L’era ghedaffiana
Posted by fidest press agency su venerdì, 19 giugno 2009
(Quinta parte) La verità è che, nei paesi un tempo sottoposti a un regime coloniale o retti da governi fantoccio, era nata una nuova cultura con i suoi indubbi riflessi nel sociale, nel politico e nel civile. Nel vissuto popolare lo Stato s’identificava sempre di più nello strumento più efficace per risolvere i bisogni di qualità e sicurezza della vita collettiva. La sua incapacità a farvi fronte lo rendeva non solo impopolare ma generava un profondo senso di rivolta. In proposito vale soffermarsi soprattutto sul caso libico perché ritengo si sia formata, in questo paese, una nuova ideologia capace di spazzare tutte le altre.
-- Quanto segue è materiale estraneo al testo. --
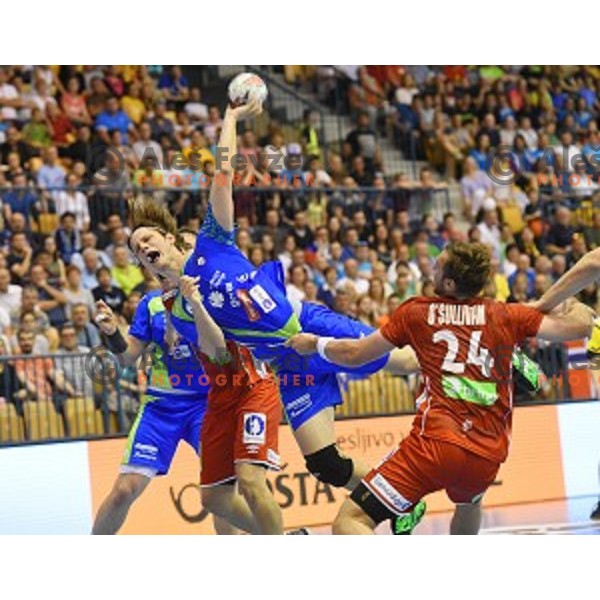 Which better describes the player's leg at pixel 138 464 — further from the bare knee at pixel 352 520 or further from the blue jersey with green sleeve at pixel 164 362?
the bare knee at pixel 352 520

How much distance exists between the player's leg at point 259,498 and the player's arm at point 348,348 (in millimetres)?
1179

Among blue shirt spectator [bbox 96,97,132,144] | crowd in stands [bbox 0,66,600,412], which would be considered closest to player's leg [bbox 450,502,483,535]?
crowd in stands [bbox 0,66,600,412]

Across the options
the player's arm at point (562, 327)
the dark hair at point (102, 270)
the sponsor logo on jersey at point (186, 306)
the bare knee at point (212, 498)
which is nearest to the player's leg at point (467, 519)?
the player's arm at point (562, 327)

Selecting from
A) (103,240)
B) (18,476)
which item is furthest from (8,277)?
(18,476)

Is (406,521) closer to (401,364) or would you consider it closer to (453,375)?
(453,375)

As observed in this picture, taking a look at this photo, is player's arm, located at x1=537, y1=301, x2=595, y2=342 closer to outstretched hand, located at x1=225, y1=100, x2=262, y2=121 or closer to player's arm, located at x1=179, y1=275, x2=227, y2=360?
player's arm, located at x1=179, y1=275, x2=227, y2=360

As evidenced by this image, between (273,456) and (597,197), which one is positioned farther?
(597,197)

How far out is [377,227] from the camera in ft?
64.4

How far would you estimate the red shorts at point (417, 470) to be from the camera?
8508mm

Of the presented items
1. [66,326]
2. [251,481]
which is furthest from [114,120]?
[251,481]

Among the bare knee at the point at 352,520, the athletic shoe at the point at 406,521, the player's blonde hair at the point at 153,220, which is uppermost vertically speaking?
the player's blonde hair at the point at 153,220

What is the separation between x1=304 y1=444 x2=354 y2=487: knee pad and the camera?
1043 centimetres

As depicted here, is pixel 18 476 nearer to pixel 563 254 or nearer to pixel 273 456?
pixel 273 456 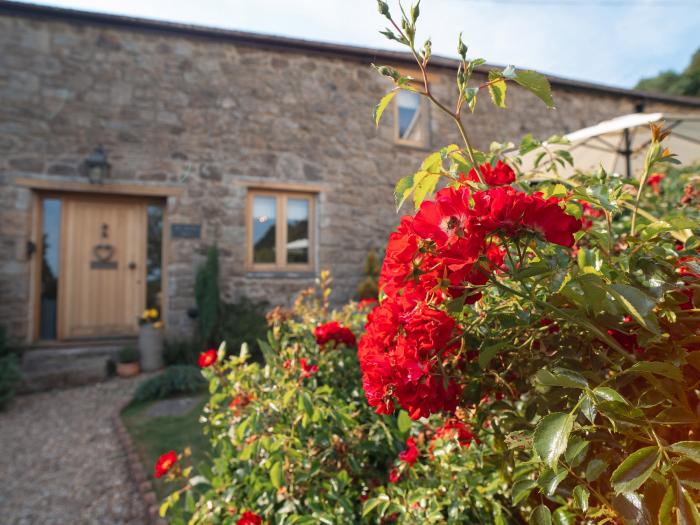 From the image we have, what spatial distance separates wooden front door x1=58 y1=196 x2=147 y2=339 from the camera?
5.73 metres

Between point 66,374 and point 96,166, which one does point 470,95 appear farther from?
point 96,166

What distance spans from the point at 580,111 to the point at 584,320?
9293 millimetres

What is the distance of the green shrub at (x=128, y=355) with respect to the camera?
5.23 metres

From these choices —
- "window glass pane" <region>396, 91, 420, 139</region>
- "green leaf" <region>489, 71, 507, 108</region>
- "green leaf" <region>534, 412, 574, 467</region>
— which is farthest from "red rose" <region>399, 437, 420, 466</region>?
"window glass pane" <region>396, 91, 420, 139</region>

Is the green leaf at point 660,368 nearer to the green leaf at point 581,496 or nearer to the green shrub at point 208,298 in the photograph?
the green leaf at point 581,496

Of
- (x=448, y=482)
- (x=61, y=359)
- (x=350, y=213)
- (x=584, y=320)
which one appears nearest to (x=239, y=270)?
(x=350, y=213)

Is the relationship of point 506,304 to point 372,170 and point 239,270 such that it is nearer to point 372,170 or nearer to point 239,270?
point 239,270

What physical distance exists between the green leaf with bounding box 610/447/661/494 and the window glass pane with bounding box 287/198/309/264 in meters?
6.19

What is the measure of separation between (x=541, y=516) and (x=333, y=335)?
3.58ft

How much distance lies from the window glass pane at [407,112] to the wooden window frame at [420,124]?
55 mm

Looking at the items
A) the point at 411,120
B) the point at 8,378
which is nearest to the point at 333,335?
the point at 8,378

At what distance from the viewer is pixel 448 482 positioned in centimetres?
106

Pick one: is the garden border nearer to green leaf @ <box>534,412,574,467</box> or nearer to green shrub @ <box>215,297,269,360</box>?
green shrub @ <box>215,297,269,360</box>

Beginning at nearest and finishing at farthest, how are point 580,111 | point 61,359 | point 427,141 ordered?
point 61,359 < point 427,141 < point 580,111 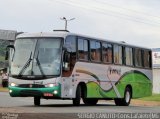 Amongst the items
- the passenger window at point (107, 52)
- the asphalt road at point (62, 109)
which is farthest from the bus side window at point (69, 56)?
the passenger window at point (107, 52)

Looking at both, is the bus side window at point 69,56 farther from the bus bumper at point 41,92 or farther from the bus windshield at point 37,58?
the bus bumper at point 41,92

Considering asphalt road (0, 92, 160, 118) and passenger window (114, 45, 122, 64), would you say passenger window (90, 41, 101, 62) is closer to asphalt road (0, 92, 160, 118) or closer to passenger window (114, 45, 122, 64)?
passenger window (114, 45, 122, 64)

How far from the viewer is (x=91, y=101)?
3059 centimetres

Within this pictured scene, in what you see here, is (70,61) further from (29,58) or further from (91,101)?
(91,101)

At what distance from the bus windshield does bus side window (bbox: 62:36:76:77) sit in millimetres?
356

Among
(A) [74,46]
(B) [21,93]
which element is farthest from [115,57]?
(B) [21,93]

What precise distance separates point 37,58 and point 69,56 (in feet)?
4.58

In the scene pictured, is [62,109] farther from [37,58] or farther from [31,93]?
[37,58]

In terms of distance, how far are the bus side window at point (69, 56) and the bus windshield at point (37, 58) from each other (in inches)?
14.0

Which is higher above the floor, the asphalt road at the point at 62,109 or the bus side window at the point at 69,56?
the bus side window at the point at 69,56

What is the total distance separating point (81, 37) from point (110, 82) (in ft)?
13.3

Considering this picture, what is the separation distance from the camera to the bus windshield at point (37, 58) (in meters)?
24.4

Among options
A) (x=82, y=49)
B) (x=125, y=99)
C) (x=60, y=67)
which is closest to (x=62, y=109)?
(x=60, y=67)

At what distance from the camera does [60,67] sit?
24.4 metres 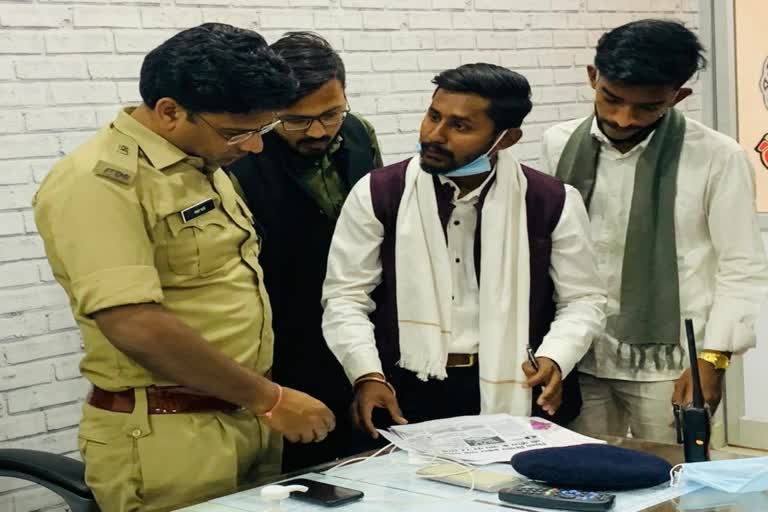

Lo dobbiamo alla formula adottata da Gheddafi. Essa è uscita dal novero di quelle rivoluzioni tradizionalmente sfornate in occidente, dal XIX secolo in poi, ed anche da quelle emergenti, nel resto del mondo, in tempi più recenti. Se pensiamo a Gandhi, diciamo che fu un profeta politico ed anche religioso-laico come furono diversi altri, ma il suo ruolo nella storia restò confinato all’ovvietà. Cristo, a sua volta, fu un profeta di lungo respiro, mentre poco o nulla poteva offrire, alla sua causa rivoluzionaria, per l’immmediato. Gheddafi non rientrò nel “gruppo” delle ovvietà né prima né dopo la “sua” rivoluzione. Il suo “libro verde” non fu un incitamento alla lotta, a una guerra di religioni: islamici e cristiani. Non lo fu d’etnie: arabi e ariani e d’ideologie tra comunismo e capitalismo. Fu qualcosa che attraversò e penetrò le menti umane.
Fu l’uomo che offrì alla sua gente una speranza, perché il suo popolo era il mondo dei paria e degli sconfitti, ma anche dei giusti e dei puri. Comprese anche che non era il momento dei profeti, che non si poteva ammannire i disperati con una vaga speranza per un futuro migliore, non si aveva tempo per la rivolta incruenta del cittadino che si stende sulle rotaie per fermare il treno lanciato in velocità. Per gli oppressi di tutto il mondo non vi erano più margini temporali. I problemi si accavallavano, le ingiustizie bruciavano come un tizzone ardente appoggiato sulle carni e la rivolta continuava ad aleggiare forte e prepotente. Mancava semmai un capo, una guida che facesse scoccare la scintilla. La fortuna, per i libici, fu Gheddafi. Lui, forse inconsapevolmente, almeno all’inizio della sua grande esperienza, fu designato per avviare un processo di dimensioni locali e invece riuscì, ben presto, ad aprire una strada davvero originale facendo assumere, ma mano, al suo movimento estensioni sovranazionali.